Subjective tests were conducted with each bow set to a 28" draw length and 65 pound draw weight. Why 28/65? Several reasons. First, a 28" draw length is more common than a 30" draw length according to many manufacturers polled on the subject. Second, finding a tester with a 28" draw length is much easier than finding one with a 30" draw length. The 65-pound draw weight is also very common with today's hunters and is easier to handle through the entire test.

Each evaluator worked separately through all four categories. A blindfold was used to keep brand loyalty at bay and was worn from the beginning to the end of each session (Draw Cycle, Grip, etc.). Evaluators were not permitted to see the bows until after they were done with their evaluation. Following is an example of how the testing was performed:


Example of the "Draw Cycle" category process:

This process is continued until only a single bow remains. The bow that remains is the evaluator's #1 pick for that category. That bow is then taken out of the testing. The entire process is completed again for the remaining bows until only one remains, which becomes the evaluator's #2 overall pick for that category. This process is repeated until all bows have been placed/ranked.

Each evaluator's results are then scored. This was done by simply inverting the numbers of the rankings and rewarding points for each ranking. For example:

1. Evaluator's #1 Pick

2. Evaluator's #2 Pick

3. Evaluator's #3 Pick

4. Evaluator's #4 Pick

5. Evaluator's #5 Pick

6. Evaluator's #6 Pick

7. Evaluator's #7 Pick

8. Evaluator's #8 Pick

The bows would then be given the following scores for one evaluator for the draw category:

1. #1 Pick - 8 points

2. #2 Pick - 7 points

3. #3 Pick - 6 points

4. #4 Pick - 5 points

5. #5 Pick - 4 points

6. #6 Pick - 3 points

7. #7 Pick - 2 points

8. #8 Pick - 1 point

The points are totaled for all evaluators in each category. The bow with the highest number of total points in that category is rated #1 and so on down the line to #8. In this way we are able to get a true ranking for each category based on the results from all evaluators.

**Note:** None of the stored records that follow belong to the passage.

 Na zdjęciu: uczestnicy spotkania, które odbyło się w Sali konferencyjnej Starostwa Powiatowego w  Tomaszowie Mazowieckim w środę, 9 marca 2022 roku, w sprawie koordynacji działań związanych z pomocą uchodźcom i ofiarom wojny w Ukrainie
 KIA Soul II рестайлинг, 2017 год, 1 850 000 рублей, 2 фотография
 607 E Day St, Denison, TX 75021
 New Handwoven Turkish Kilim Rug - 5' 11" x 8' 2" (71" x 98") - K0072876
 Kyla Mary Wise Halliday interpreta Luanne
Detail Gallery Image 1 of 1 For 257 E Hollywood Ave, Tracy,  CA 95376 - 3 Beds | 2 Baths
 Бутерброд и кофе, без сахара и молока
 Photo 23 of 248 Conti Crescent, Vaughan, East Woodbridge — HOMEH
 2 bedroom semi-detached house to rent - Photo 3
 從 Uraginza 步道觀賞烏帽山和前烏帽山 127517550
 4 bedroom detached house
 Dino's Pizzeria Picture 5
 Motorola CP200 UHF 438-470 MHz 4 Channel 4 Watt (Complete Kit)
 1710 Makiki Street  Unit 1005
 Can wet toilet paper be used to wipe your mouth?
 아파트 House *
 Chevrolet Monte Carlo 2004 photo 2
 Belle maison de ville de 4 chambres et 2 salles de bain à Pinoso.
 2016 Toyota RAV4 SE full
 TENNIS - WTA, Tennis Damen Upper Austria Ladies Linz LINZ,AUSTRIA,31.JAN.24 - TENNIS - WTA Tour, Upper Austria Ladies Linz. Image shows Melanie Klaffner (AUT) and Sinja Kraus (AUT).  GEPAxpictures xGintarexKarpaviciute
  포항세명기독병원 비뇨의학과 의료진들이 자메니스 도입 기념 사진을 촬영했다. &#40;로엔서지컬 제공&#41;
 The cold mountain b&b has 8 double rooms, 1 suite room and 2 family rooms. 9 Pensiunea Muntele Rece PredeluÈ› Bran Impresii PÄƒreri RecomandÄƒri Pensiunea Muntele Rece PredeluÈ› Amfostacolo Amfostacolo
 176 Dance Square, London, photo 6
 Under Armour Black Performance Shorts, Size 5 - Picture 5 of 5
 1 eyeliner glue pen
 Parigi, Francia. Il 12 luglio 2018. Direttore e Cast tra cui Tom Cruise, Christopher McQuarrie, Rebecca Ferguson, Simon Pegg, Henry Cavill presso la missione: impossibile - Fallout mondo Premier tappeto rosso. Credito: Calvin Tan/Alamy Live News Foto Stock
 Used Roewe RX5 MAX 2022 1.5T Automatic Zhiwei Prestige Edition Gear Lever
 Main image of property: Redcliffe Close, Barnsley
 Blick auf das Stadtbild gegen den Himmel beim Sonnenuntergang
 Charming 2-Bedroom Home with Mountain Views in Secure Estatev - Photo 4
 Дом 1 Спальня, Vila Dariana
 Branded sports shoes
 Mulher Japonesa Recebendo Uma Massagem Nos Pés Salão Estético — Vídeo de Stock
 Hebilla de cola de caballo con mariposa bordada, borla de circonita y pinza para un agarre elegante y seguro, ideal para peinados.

Speed is tested in the following manner (28/65 with 350 and 425 grain arrows):

Just to make sure the bow is at least in the right ballpark the draw weight and draw length are roughly verified with Easton's Hand Held Bow Weight Scale and a simple draw length arrow correlated to a mark on the shelf equaling the deepest part of the grip. This saves me a lot of time if the bow is not close to the right draw length or draw weight.

In the event that a bow that does not meet the draw length spec, either short or long, I will contact the manufacturer and get a module that brings them into spec or just get another bow altogether. Strings and cables are not tweaked to bring a bow into spec unless the manufacturer asks me to do so. The same goes for a bow that has "out of tune" cams- a term that is commonly used in referencing the timing, synchronization, etc of the bow's eccentric system.

I also want the readers to understand where I stand as a writer in hopes that it will eliminate or at least minimize the absurd speculations that seem to pop up every year when the H2H is posted. According to some I am somehow biased to one company or another and some folks have gone as far as suggesting that I am being bought-off by a certain manufacturer (usually the one that won that year). Let me introduce you to reality - the archery world does not spin that way - at least not for me. I do not have any manufacturers courting me in any way and none have offered to pay me to make them look better. It simply does not happen.